Blog / Conseils
Comment la guerre au Moyen-Orient fragilise les bases de l’agriculture mondiale
À première vue, les champs du Pendjab indien et ceux du Minnesota n’ont rien en commun. Pourtant, une même logique économique et géopolitique les relie désormais : la dépendance structurelle de l’agriculture intensive aux intrants chimiques, et la vulnérabilité des chaînes d’approvisionnement mondiales face aux tensions au Moyen-Orient.
Dans le nord de l’Inde, le calendrier agricole est dicté par la mousson. À trois mois des semailles de riz, une inquiétude s’installe chez les agriculteurs : la guerre au Moyen-Orient menace l’accès aux engrais, déjà perturbé par des restrictions gouvernementales. Comme l’explique un agriculteur de la région, ce cumul de contraintes – administrative et géopolitique – transforme une difficulté structurelle en risque systémique. Les coupures d’électricité, qui atteignent déjà six à huit heures par jour dans son village, aggravent encore la dépendance à des intrants dont la disponibilité devient incertaine.
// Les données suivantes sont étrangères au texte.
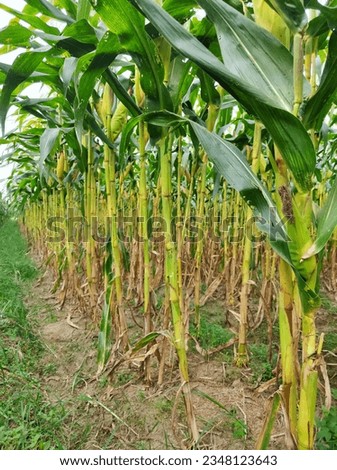 picture of corn stalks after finishing pruning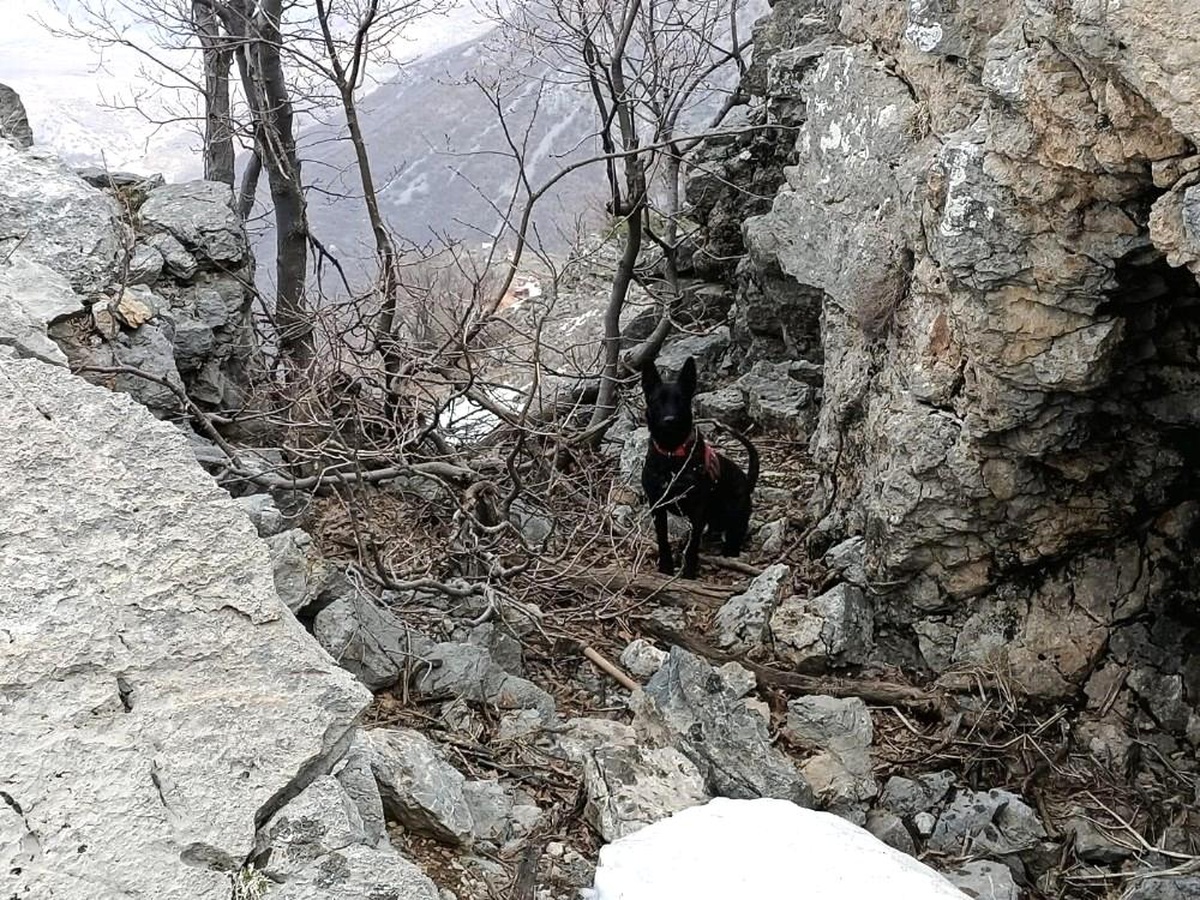 PKK\'lı teröristlere ait 2 el yapımı patlayıcı jandarma ekiplerince imha edildi
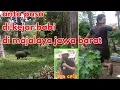 DI KEJAR B4B! di MAJALAYA jawa barat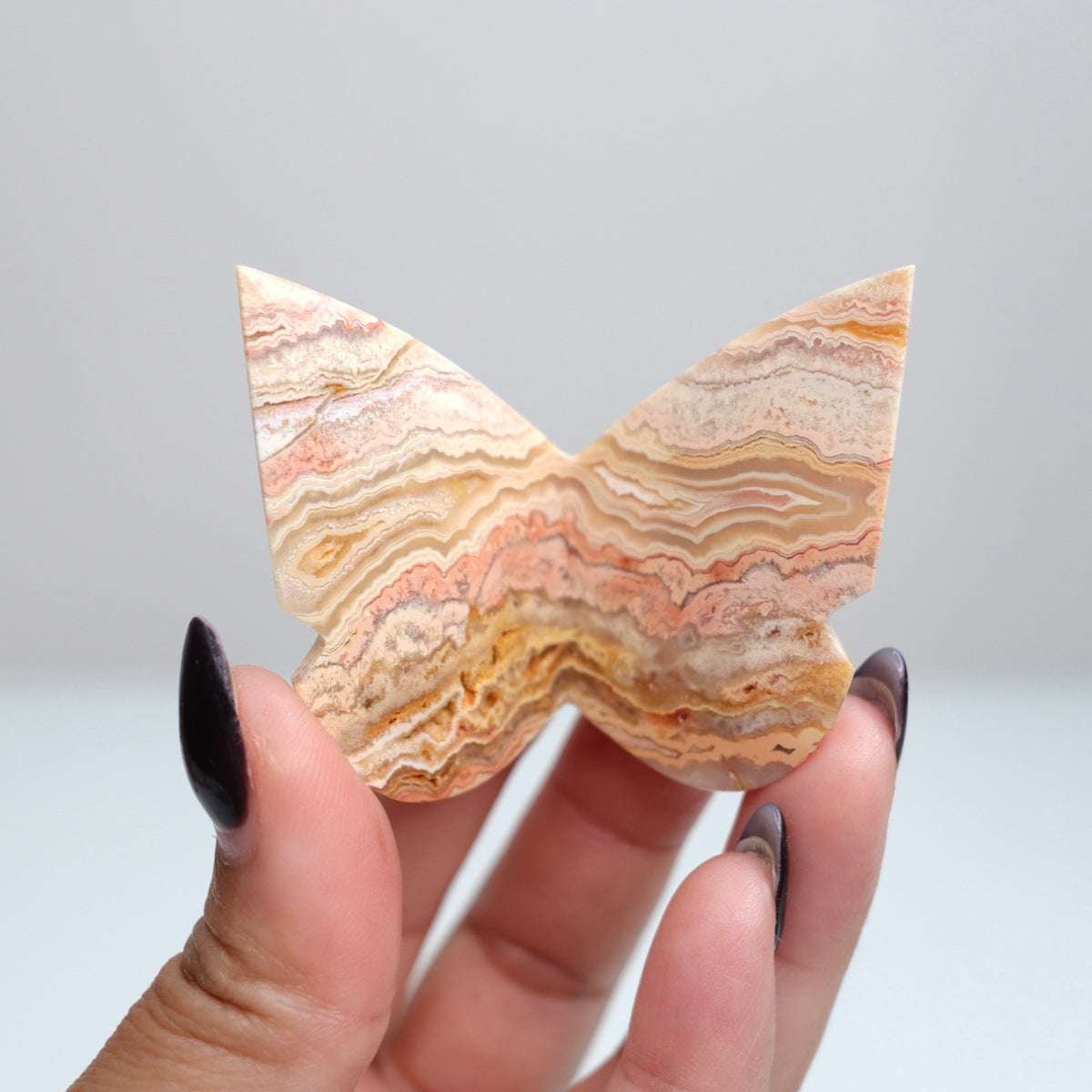 Crazy Lace Agate Butterfly | 3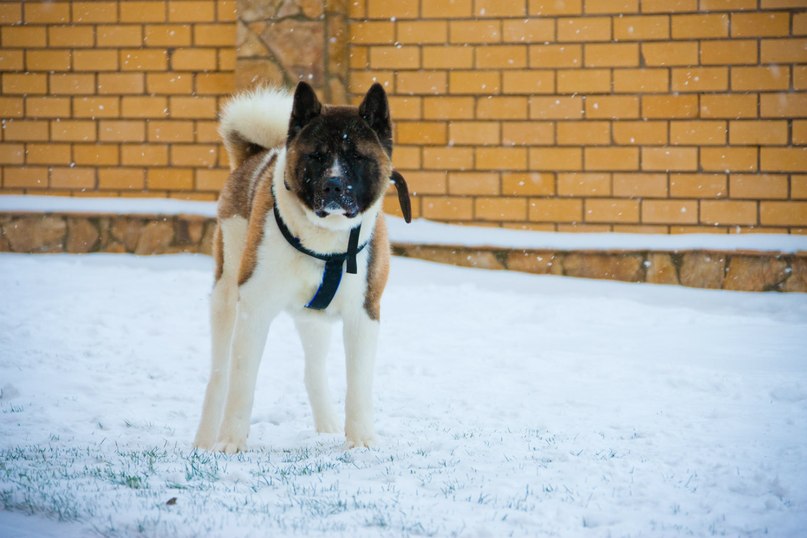 Андрей Святов | Казань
Le témoignage de cet agriculteur illustre un phénomène plus large : dans les économies émergentes, la marge de manœuvre des producteurs face aux chocs externes est réduite par des infrastructures fragiles et des politiques publiques parfois contracycliques. L’incertitude, souligne-t-il, ne porte pas seulement sur l’ampleur de la crise, mais sur la capacité même à maintenir la production alimentaire.
À plus de 11 000 kilomètres de là, dans le centre-ouest des États-Unis, la même guerre produit des effets comparables, mais par des mécanismes différents. Un agriculteur du Minnesota, fait partie du quart des producteurs américains qui avaient déjà suspendu leurs achats d’engrais avant l’escalade militaire, dans l’espoir d’une baisse des prix et d’un assouplissement du crédit. Le déclenchement des hostilités a inversé cette anticipation : les prix s’envolent, le crédit reste inaccessible, et la fenêtre de tir pour les semis de maïs — trois à quatre semaines — se referme.
Là où l’agriculteur indien subit une dégradation des conditions structurelles d’approvisionnement, l’agriculteur américain est confronté à un choc de marché amplifié par la finance. La guerre agit ici comme un accélérateur de volatilité, transformant une stratégie d’attente raisonnable en facteur de pertes potentielles.
Ce double constat met en lumière une asymétrie souvent négligée dans l’analyse des conflits internationaux : si l’attention médiatique se concentre légitimement sur les risques pesant sur les flux pétroliers — notamment après le blocage du détroit d’Ormuz par l’Iran —, les effets sur les marchés agricoles sont tout aussi immédiats, mais plus diffus. Or, ce sont ces effets qui touchent directement la sécurité alimentaire, aussi bien dans les pays émergents que dans les économies industrialisées.
Dans les deux cas, la guerre ne crée pas une crise ex nihilo : elle révèle et aggrave des fragilités préexistantes — réglementaires, énergétiques, financières — qui structurent en profondeur le rapport des agriculteurs aux marchés mondiaux. Et elle rappelle, par contrecoup, que la résilience d’un système agricole ne se mesure pas seulement à ses rendements, mais à sa capacité à absorber des chocs venus d’ailleurs.